Every line below between the line holding "Dardanel A.Yağlı Poşet" and the line holding "Kabushiki Gaisha Magi", inclusive, should be repeated exactly, and all other lines omitted.

**** Input data ****

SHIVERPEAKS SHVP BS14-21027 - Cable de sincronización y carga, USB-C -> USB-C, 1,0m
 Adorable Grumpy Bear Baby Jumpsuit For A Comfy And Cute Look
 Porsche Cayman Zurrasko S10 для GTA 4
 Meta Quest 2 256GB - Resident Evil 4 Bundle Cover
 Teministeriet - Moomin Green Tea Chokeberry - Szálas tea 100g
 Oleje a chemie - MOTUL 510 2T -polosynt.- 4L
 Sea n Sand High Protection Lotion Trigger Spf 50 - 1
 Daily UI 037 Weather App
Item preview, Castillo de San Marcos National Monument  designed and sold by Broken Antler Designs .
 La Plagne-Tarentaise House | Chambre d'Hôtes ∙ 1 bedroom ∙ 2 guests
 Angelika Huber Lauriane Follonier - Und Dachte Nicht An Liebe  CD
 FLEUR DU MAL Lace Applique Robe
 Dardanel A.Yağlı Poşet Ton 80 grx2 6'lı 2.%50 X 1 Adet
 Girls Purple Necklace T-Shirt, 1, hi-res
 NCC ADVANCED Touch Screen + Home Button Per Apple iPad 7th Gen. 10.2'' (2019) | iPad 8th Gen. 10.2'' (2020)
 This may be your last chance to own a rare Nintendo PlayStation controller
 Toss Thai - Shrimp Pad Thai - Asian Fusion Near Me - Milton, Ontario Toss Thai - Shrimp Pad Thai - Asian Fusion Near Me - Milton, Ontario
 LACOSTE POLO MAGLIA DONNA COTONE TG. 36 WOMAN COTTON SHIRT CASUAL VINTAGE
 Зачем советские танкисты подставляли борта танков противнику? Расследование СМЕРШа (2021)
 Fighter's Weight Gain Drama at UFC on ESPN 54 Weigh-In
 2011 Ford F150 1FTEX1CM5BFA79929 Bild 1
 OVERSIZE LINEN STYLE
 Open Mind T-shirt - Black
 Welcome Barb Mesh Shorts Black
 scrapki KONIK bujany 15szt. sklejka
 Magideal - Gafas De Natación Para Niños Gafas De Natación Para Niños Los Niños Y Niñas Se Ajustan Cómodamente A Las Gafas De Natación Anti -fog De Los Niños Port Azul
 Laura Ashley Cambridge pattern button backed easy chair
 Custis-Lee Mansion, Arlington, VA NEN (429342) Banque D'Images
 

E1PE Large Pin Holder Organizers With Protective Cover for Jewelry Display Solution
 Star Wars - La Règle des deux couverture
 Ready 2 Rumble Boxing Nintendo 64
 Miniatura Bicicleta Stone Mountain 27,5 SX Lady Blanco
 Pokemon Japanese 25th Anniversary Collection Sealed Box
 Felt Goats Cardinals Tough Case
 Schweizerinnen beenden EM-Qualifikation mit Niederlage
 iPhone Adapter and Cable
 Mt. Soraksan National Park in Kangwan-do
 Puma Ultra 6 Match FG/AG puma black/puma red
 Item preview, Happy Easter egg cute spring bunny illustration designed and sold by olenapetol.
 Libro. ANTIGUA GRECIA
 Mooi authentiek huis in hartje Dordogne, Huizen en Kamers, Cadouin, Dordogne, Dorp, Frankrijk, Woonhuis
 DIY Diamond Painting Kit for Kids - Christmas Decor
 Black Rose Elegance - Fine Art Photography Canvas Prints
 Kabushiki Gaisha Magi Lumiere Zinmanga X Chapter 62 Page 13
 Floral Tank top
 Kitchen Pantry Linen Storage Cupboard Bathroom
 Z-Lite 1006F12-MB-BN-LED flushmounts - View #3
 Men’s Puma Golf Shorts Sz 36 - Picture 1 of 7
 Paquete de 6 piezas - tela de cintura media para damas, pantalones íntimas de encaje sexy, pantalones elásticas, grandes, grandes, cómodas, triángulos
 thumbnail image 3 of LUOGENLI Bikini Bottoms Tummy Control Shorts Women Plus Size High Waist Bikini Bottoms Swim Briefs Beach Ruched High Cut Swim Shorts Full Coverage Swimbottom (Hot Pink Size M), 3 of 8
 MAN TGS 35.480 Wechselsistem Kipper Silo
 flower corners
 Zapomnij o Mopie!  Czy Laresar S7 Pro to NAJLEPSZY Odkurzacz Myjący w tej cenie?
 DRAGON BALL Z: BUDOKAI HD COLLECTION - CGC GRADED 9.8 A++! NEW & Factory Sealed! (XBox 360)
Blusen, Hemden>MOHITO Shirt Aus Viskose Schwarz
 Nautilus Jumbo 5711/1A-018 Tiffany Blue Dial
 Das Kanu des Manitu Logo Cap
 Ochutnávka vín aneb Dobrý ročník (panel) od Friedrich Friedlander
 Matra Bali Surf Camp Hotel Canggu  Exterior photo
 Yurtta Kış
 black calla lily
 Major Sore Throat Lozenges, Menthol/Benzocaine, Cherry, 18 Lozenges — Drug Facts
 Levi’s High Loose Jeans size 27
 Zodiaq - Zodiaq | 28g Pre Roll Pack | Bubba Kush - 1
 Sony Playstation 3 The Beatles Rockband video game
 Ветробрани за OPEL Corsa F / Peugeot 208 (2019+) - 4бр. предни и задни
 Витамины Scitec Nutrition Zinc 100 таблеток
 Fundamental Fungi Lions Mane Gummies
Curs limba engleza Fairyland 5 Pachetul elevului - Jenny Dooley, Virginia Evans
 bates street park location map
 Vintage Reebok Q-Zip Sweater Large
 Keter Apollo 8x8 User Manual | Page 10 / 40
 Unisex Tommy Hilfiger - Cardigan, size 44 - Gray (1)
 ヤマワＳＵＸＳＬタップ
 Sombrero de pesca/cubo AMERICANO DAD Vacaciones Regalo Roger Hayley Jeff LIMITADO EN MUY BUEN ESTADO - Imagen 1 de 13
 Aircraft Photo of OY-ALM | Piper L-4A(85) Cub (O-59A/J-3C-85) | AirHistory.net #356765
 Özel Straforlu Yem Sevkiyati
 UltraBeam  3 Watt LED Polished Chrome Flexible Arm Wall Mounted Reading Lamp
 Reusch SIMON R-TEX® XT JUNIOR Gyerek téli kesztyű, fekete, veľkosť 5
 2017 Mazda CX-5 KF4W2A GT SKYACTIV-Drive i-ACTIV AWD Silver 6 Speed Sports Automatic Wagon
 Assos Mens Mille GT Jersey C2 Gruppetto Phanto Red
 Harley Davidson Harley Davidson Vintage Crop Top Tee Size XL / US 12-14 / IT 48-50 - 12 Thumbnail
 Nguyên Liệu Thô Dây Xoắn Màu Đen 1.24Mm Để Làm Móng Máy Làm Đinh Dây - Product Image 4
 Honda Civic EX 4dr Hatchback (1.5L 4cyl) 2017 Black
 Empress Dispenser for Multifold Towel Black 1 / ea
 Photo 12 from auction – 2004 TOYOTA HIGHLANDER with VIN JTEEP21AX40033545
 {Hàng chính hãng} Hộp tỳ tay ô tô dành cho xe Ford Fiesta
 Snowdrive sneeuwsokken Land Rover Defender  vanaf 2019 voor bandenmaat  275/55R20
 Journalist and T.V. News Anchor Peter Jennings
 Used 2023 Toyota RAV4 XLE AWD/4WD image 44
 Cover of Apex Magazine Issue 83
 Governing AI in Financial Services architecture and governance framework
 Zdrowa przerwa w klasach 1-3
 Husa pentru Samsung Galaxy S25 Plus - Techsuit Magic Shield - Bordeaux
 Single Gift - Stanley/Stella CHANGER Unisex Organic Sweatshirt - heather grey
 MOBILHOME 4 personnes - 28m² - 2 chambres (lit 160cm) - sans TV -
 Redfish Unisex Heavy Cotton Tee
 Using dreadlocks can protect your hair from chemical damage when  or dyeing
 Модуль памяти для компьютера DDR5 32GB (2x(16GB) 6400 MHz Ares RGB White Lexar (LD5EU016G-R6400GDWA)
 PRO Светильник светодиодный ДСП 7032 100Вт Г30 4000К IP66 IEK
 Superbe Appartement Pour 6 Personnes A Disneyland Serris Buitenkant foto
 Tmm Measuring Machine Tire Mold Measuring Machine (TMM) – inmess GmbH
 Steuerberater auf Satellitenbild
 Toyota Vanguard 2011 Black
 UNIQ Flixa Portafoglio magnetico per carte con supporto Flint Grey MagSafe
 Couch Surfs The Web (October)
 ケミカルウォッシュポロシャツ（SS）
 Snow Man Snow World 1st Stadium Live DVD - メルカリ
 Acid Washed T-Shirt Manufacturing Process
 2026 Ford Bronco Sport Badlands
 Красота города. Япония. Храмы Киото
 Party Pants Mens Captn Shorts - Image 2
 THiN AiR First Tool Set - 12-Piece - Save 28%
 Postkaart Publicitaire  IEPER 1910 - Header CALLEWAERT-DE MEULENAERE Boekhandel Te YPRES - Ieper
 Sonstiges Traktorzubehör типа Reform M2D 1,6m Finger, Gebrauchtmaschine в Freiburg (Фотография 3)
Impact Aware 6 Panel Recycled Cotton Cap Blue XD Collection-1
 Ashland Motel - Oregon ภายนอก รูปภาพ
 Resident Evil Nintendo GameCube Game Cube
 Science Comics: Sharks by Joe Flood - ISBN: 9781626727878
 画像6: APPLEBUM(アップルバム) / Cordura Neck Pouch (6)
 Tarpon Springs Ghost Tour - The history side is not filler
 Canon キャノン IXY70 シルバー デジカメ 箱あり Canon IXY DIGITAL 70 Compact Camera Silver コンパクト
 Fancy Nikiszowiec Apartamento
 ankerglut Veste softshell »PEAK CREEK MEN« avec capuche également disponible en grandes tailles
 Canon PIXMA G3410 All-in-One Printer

****

**Expected answer:**
 Dardanel A.Yağlı Poşet Ton 80 grx2 6'lı 2.%50 X 1 Adet
 Girls Purple Necklace T-Shirt, 1, hi-res
 NCC ADVANCED Touch Screen + Home Button Per Apple iPad 7th Gen. 10.2'' (2019) | iPad 8th Gen. 10.2'' (2020)
 This may be your last chance to own a rare Nintendo PlayStation controller
 Toss Thai - Shrimp Pad Thai - Asian Fusion Near Me - Milton, Ontario Toss Thai - Shrimp Pad Thai - Asian Fusion Near Me - Milton, Ontario
 LACOSTE POLO MAGLIA DONNA COTONE TG. 36 WOMAN COTTON SHIRT CASUAL VINTAGE
 Зачем советские танкисты подставляли борта танков противнику? Расследование СМЕРШа (2021)
 Fighter's Weight Gain Drama at UFC on ESPN 54 Weigh-In
 2011 Ford F150 1FTEX1CM5BFA79929 Bild 1
 OVERSIZE LINEN STYLE
 Open Mind T-shirt - Black
 Welcome Barb Mesh Shorts Black
 scrapki KONIK bujany 15szt. sklejka
 Magideal - Gafas De Natación Para Niños Gafas De Natación Para Niños Los Niños Y Niñas Se Ajustan Cómodamente A Las Gafas De Natación Anti -fog De Los Niños Port Azul
 Laura Ashley Cambridge pattern button backed easy chair
 Custis-Lee Mansion, Arlington, VA NEN (429342) Banque D'Images
 

E1PE Large Pin Holder Organizers With Protective Cover for Jewelry Display Solution
 Star Wars - La Règle des deux couverture
 Ready 2 Rumble Boxing Nintendo 64
 Miniatura Bicicleta Stone Mountain 27,5 SX Lady Blanco
 Pokemon Japanese 25th Anniversary Collection Sealed Box
 Felt Goats Cardinals Tough Case
 Schweizerinnen beenden EM-Qualifikation mit Niederlage
 iPhone Adapter and Cable
 Mt. Soraksan National Park in Kangwan-do
 Puma Ultra 6 Match FG/AG puma black/puma red
 Item preview, Happy Easter egg cute spring bunny illustration designed and sold by olenapetol.
 Libro. ANTIGUA GRECIA
 Mooi authentiek huis in hartje Dordogne, Huizen en Kamers, Cadouin, Dordogne, Dorp, Frankrijk, Woonhuis
 DIY Diamond Painting Kit for Kids - Christmas Decor
 Black Rose Elegance - Fine Art Photography Canvas Prints
 Kabushiki Gaisha Magi Lumiere Zinmanga X Chapter 62 Page 13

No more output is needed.